§ Task material:
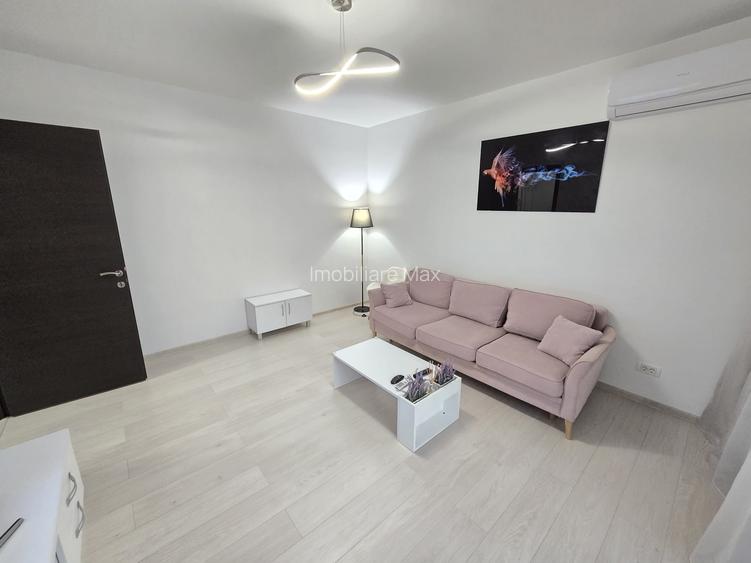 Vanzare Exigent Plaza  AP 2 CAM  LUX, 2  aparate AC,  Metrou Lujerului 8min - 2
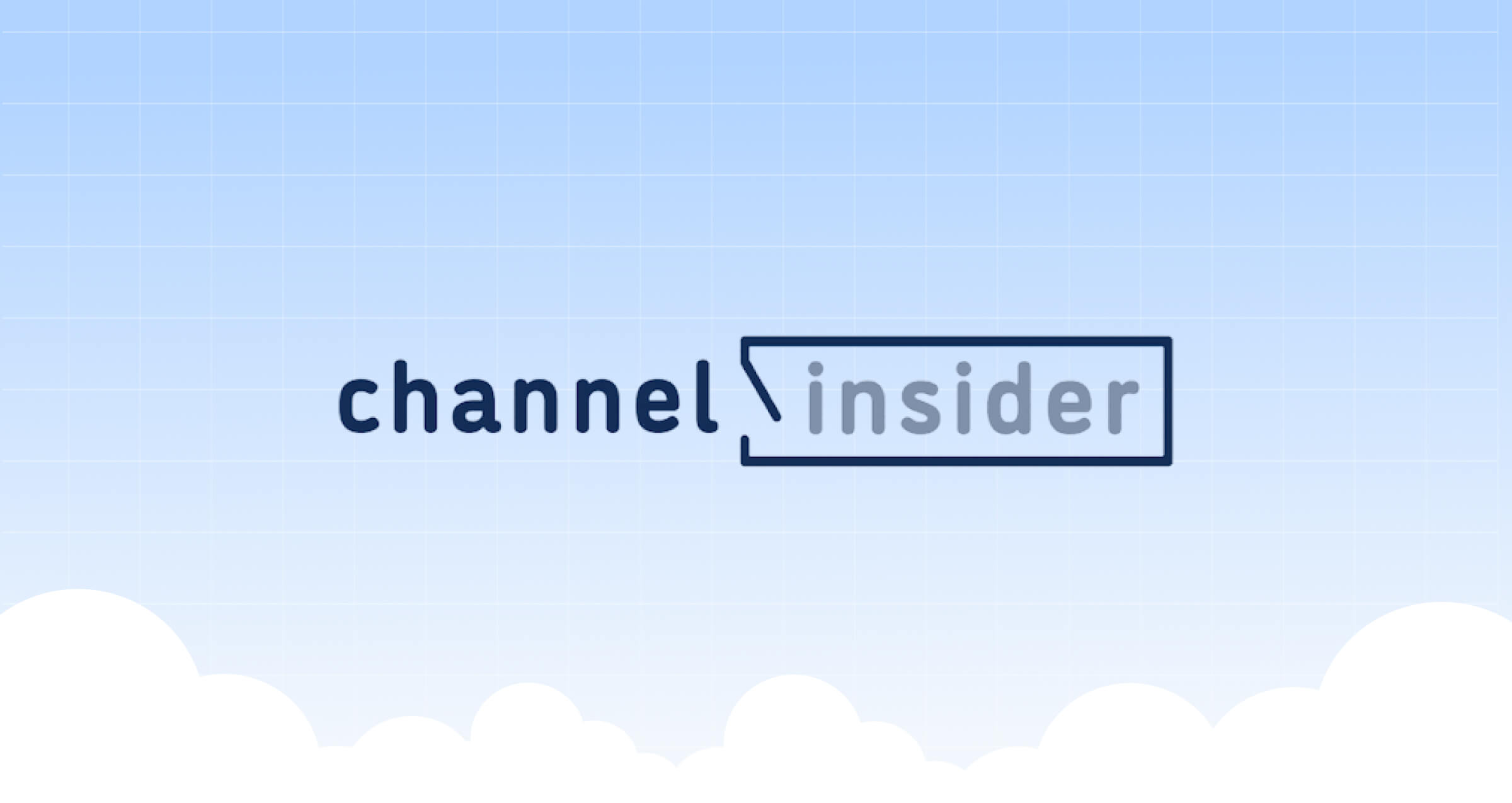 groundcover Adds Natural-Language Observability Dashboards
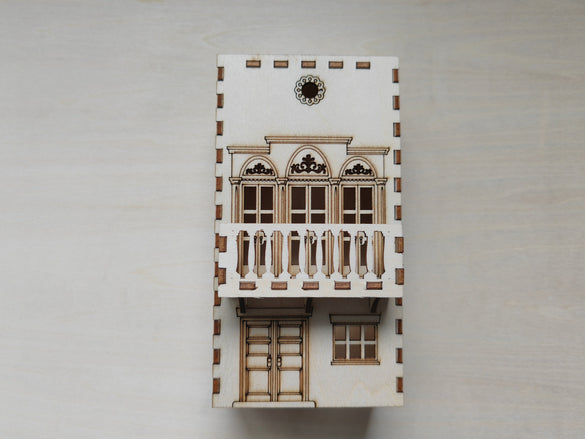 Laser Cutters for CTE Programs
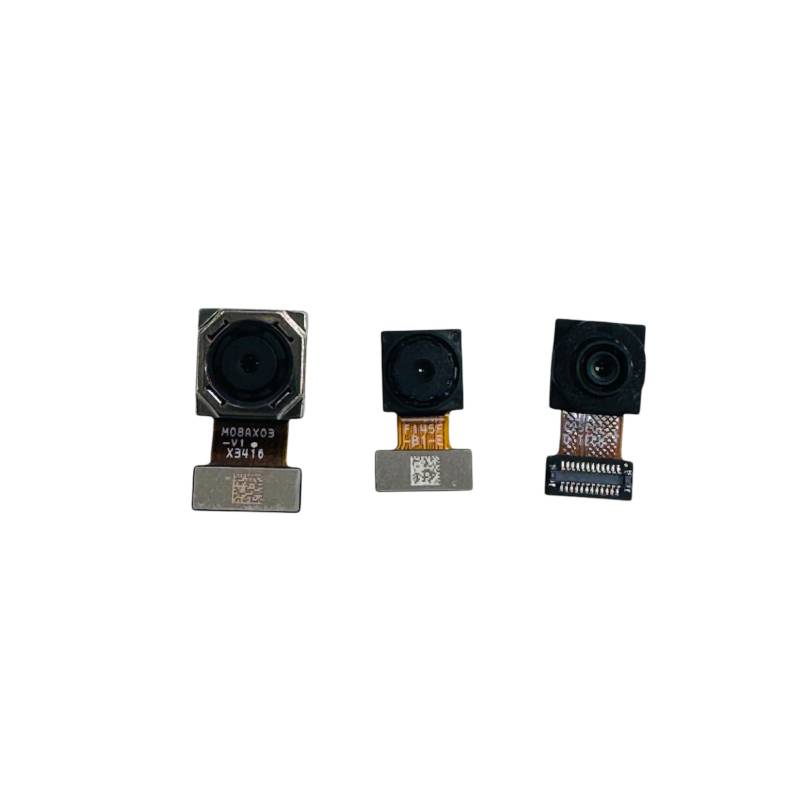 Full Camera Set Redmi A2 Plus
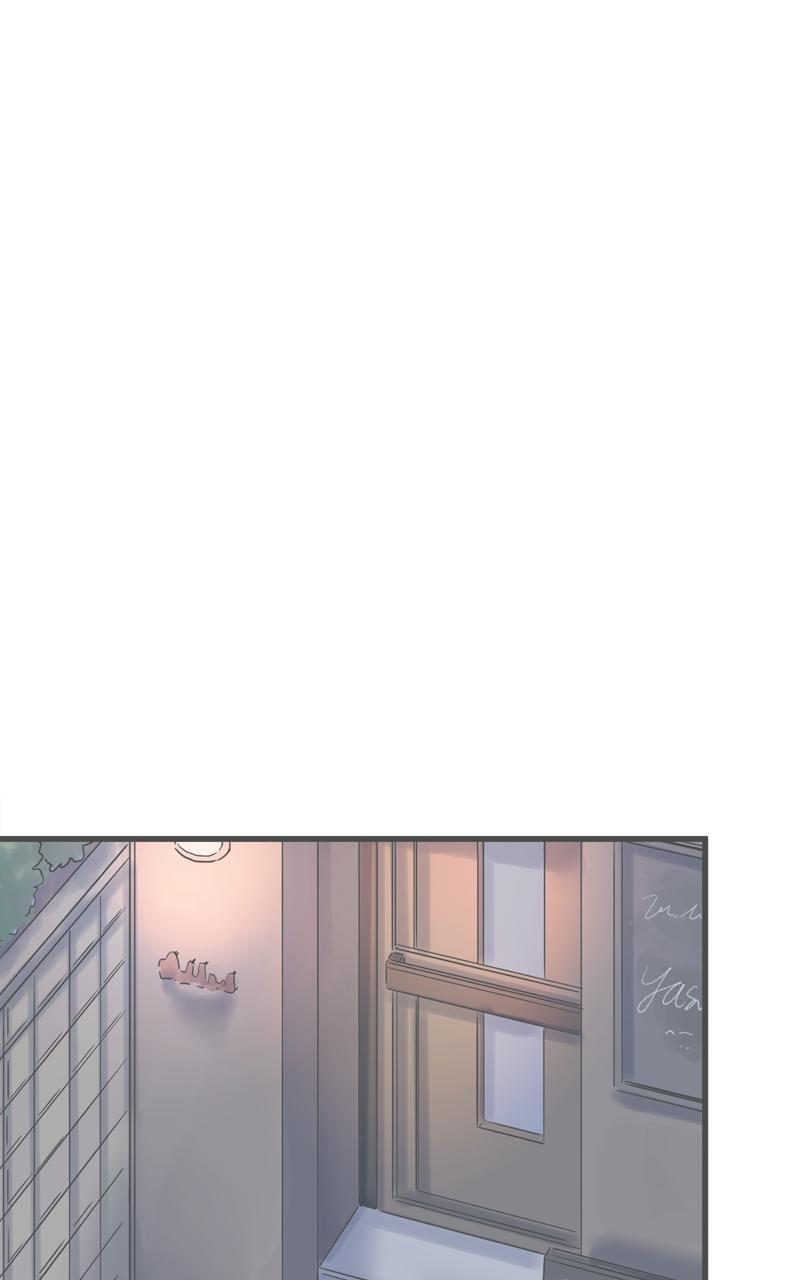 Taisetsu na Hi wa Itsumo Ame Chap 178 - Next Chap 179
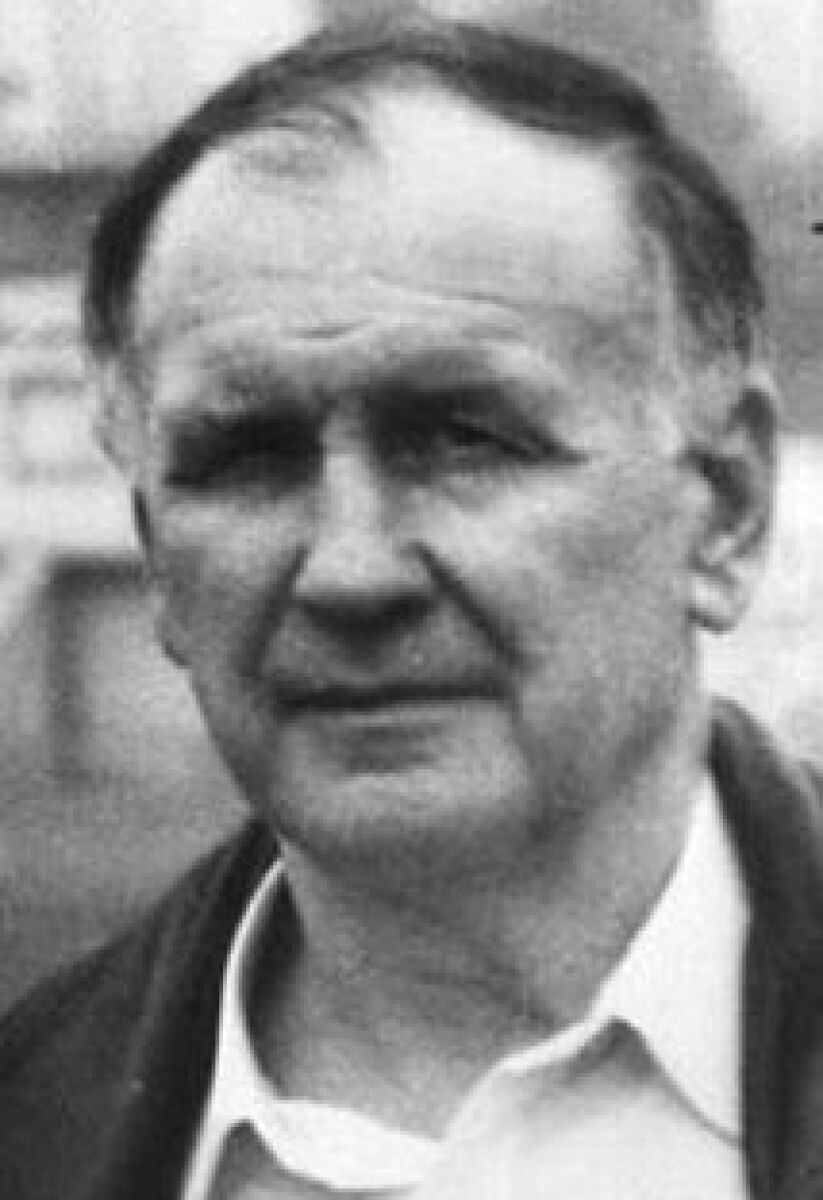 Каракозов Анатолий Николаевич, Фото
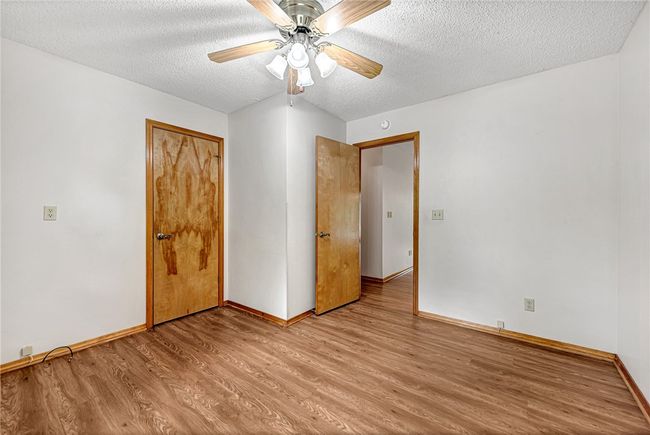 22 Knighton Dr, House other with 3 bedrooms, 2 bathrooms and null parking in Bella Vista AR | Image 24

§ What is required: Nothing but the lines from the one that contains "Taisetsu na Hi" through the last line of the records belongs in the answer, reproduced exactly, with no pictures.

§ Answer space:
 Taisetsu na Hi wa Itsumo Ame Chap 178 - Next Chap 179
 Каракозов Анатолий Николаевич, Фото
 22 Knighton Dr, House other with 3 bedrooms, 2 bathrooms and null parking in Bella Vista AR | Image 24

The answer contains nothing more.